Sunday, March 19, 2000 | 12:35 p.m.

You want to hear the truth? Go to the men's bathroom. That's where all the truths of male existence are revealed - standing at the urinals, moving steadily toward relief. Put Israel and Palestine next to each other at the urinals and you'll have peace within 35 seconds. Provided, of course, the parties involved maintain their aim.

Take, for example, the KISS Farewell Show, March 17 at the Mandalay Bay Events Center - a distinctively male rite of passage. The band of the hour had just blazed through a loud, tough version of "Firehouse" - the show was the loudest I've yet heard at Mandalay - and I made a quick trip to the men's room to - well, you know. It was St. Patrick's Day.

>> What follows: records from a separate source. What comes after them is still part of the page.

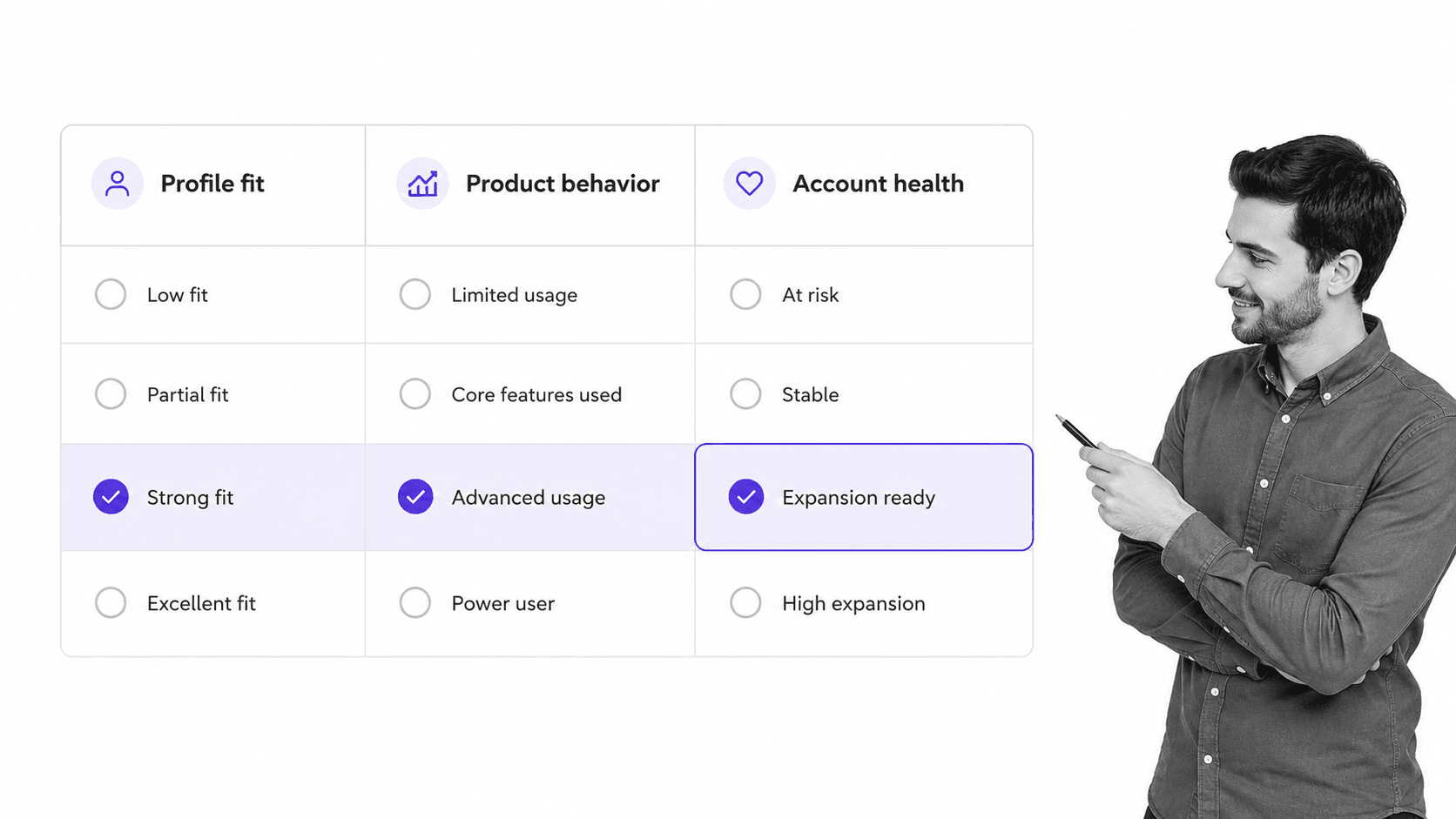 Customer success account health matrix combining profile fit, product behavior, and expansion readiness.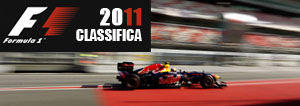Classifica Formula Uno 2011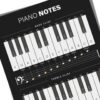 Piano Notes Chart Poster Beginners - Dark Edition - Image 2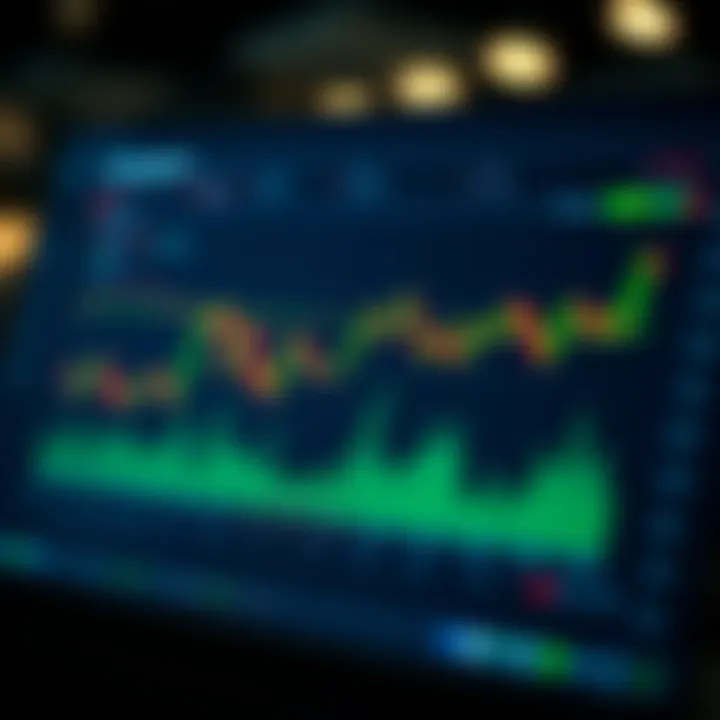 Graph illustrating market trends and analysis features
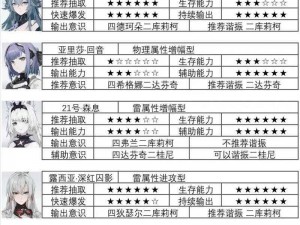 战双角色深度评测：技能、角色搭配与实战表现解析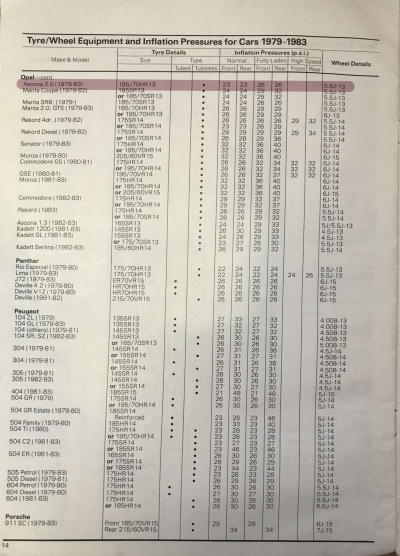 1979 Opel Kadett Tyre Fitment Guide by Dunlop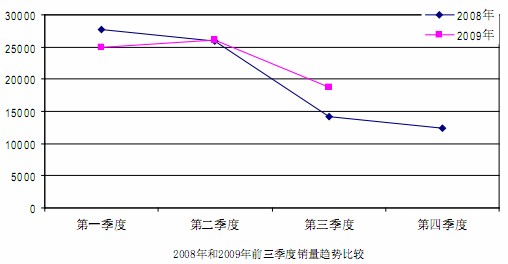 2008、2009前三季度銷(xiāo)量走勢(shì)分析圖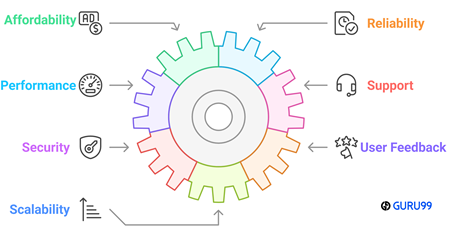 Vælg den rigtige Pakistan-hosting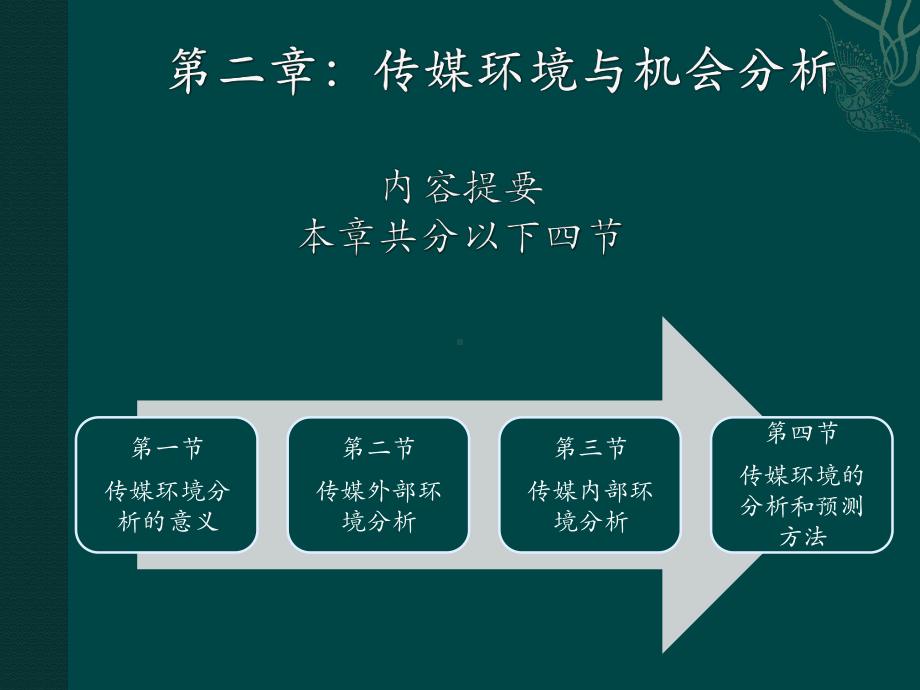 大学精品课件：第二章 传媒环境与机会分析.ppt_第1页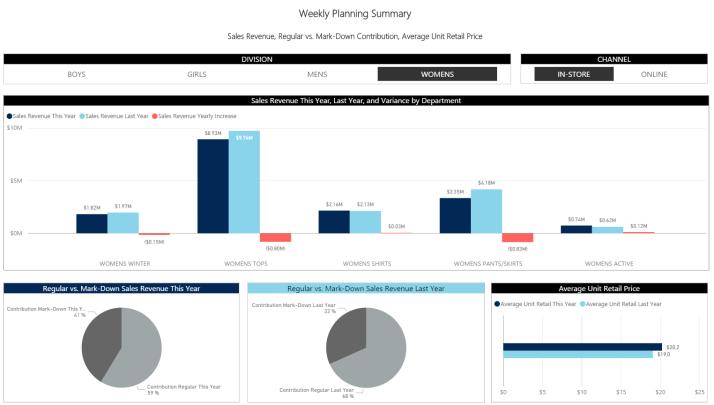 Power BI POC Retailer Sales and Planning Created a Power BI POC report for a major retailer s global planning team Extracted and blended data from Excel worksheets Calculated and summarized sales and
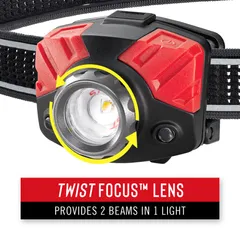 Coast Dual Color Pure Beam Focusing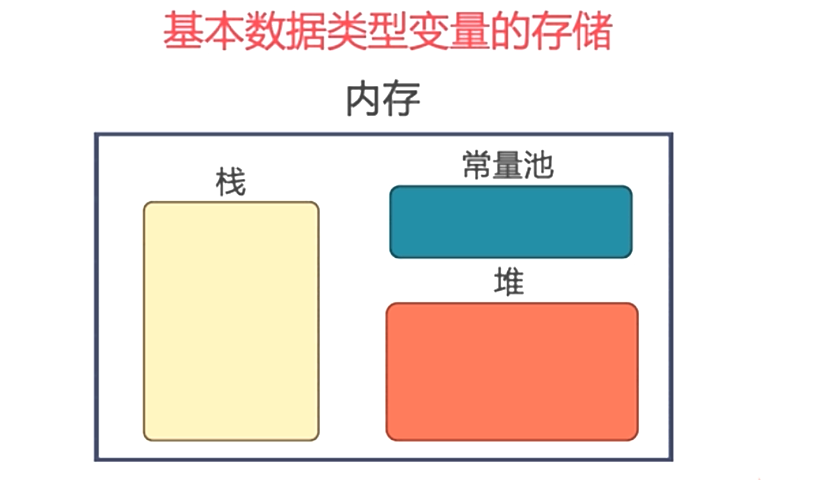 java中常量数据放在哪里 java里的常量指什么_字符串_16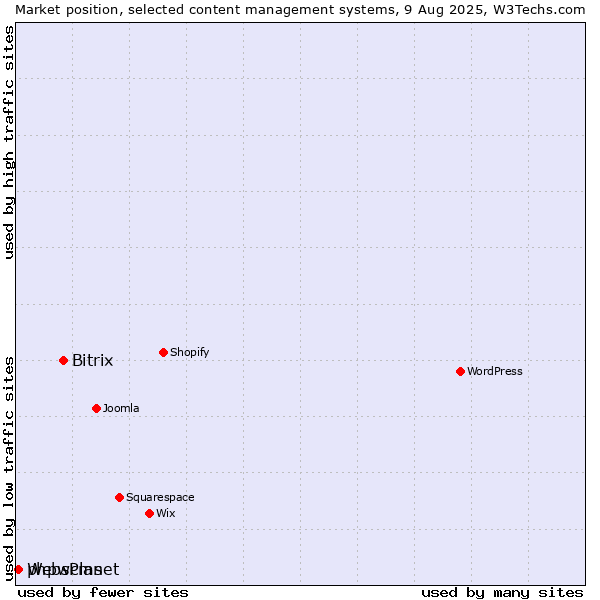 Market position of Bitrix vs. phpwcms vs. WebsPlanet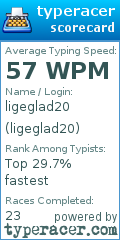 Scorecard for user ligeglad20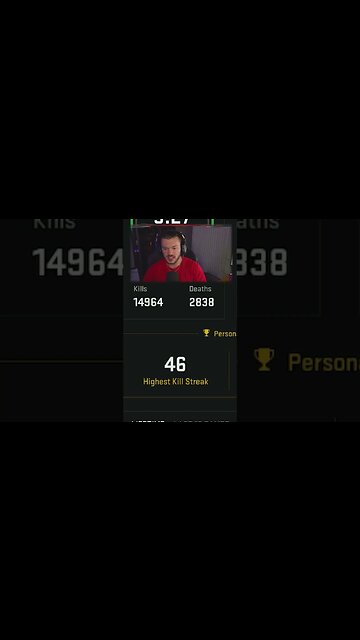 I am the Best Player on MW2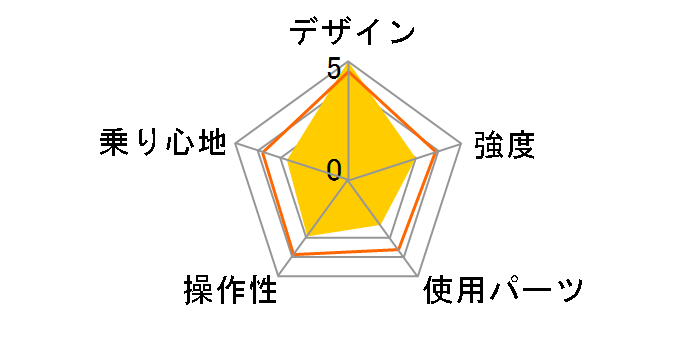 DOPPELGANGER 801 primacy�̃��[�U�[���r���[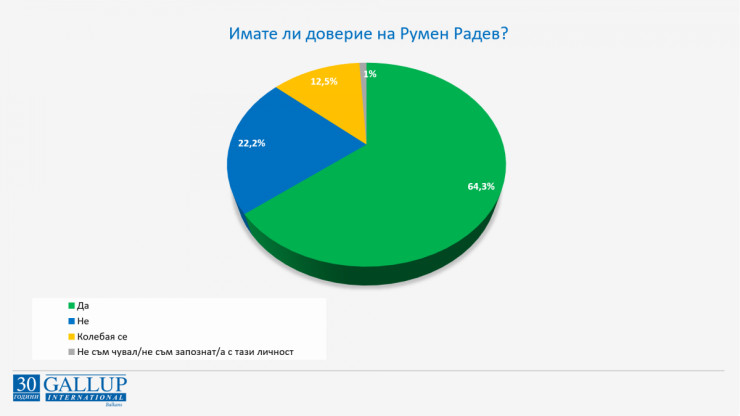 Допитване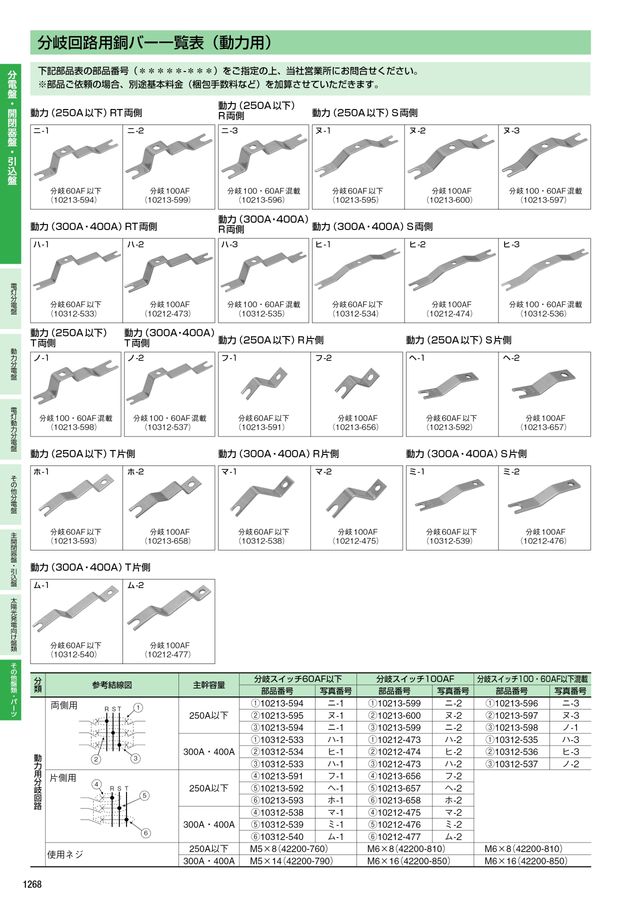 河村電器 総合価格版e-Book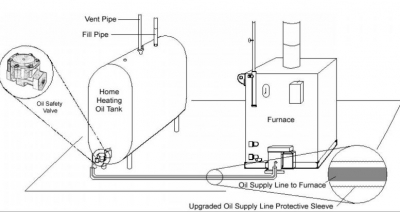 Oil Lines in Concrete - Why They Need to be Replaced - Ed's Garage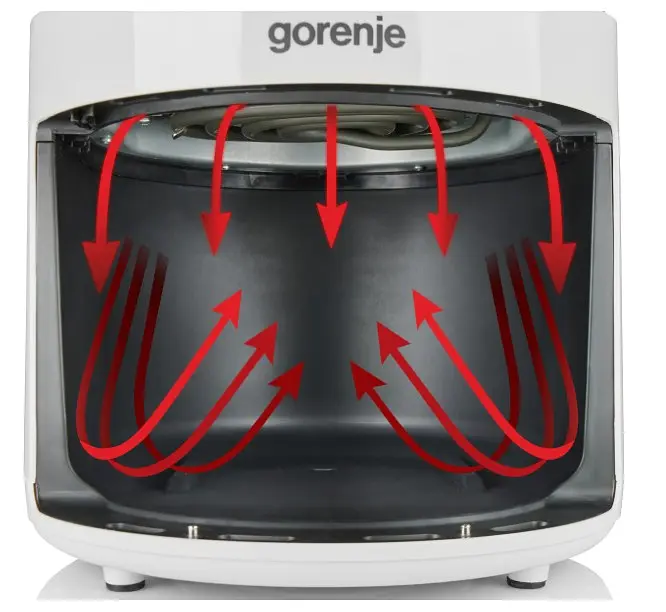 Мультипіч-фритюрниця Gorenje AF1300XG (4,5 л) - фото 5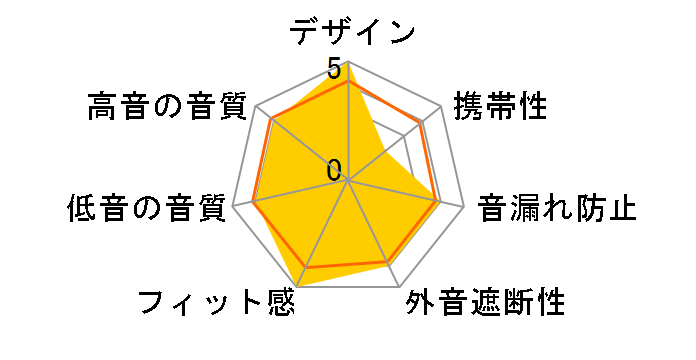 ATH-AWKG�̃��[�U�[���r���[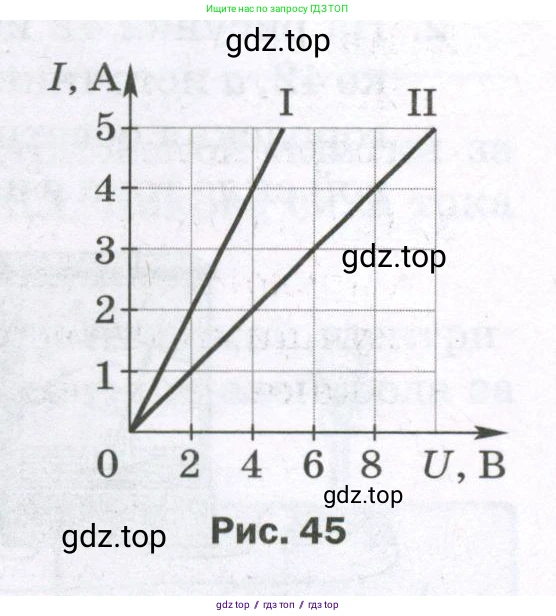 Физика, 8 класс Самостоятельные и контрольные работы, авторы: Марон Абрам Евсеевич, Марон Евгений Абрамович, издательство Просвещение, Москва, 2023, белого цвета, страница 50, номер 3, Условие (продолжение 2)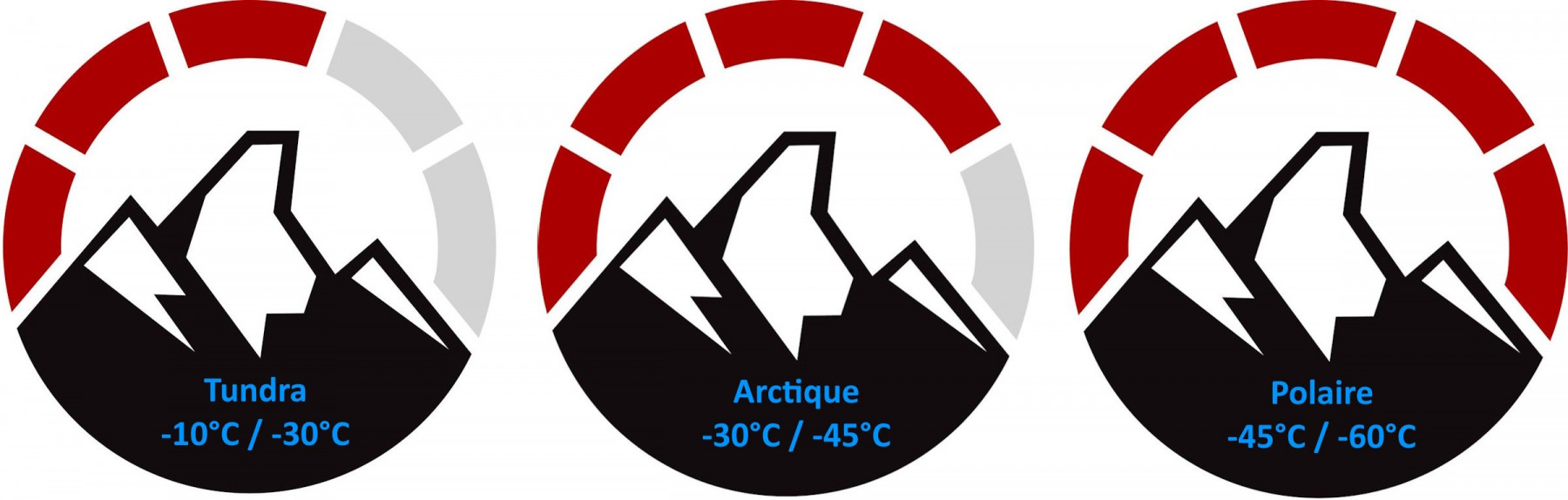 Baffin Zone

"They're just like they were 25 years ago," said a 40-ish man in a "Psycho Circus" t-shirt, two urinals over. "Man, there's no difference at all."

"You saw them in 1977?" the kid next to him asked, his tone beyond reverent.

The man, to his credit, didn't presume to correct the kid's math. "Yeah, yeah. I was there. It's like being there now. I told my girlfriend they'd start off with 'Detroit Rock City' tonight, and she said, 'You can't know that.' "

"And they started off with it," the kid said. "KISS f****** rules, man."

No offense to the band, but they're idiots if they actually quit this gig. There's absolutely no reason for them to do so. Didn't they see the writing on the men's room wall? The fans don't care.

It's not a Rolling Stones situation, where the band is so decrepit-looking that you wonder if the players will survive the show - though truth be told, Paul Stanley's face is a road map underneath all that Kabuki. Nor does KISS seem to be failing musically -- to my deafened ears, "Black Diamond," "Shout It Out Loud" and "Rock and Roll All Night" still kick butt.

And the show still looks good, too. The makeup and costumes still wear well, the pyrotechnics are perfectly synchronized with the corned beef and carnage (so few bands know how to use pyro correctly), and no other band will have the bolas to play in front of a Marshall stack that monsterous. Just looking at that mighty wall of amplifiers made me want to grow a mullet.

Chances are, this isn't the end. They're probably following The Who's example - a farewell show every two years or whenever Roger Daltrey's net worth dips. Lord knows KISS is entitled to that kind of job security, after a quarter-century of smokin' in the boy's room.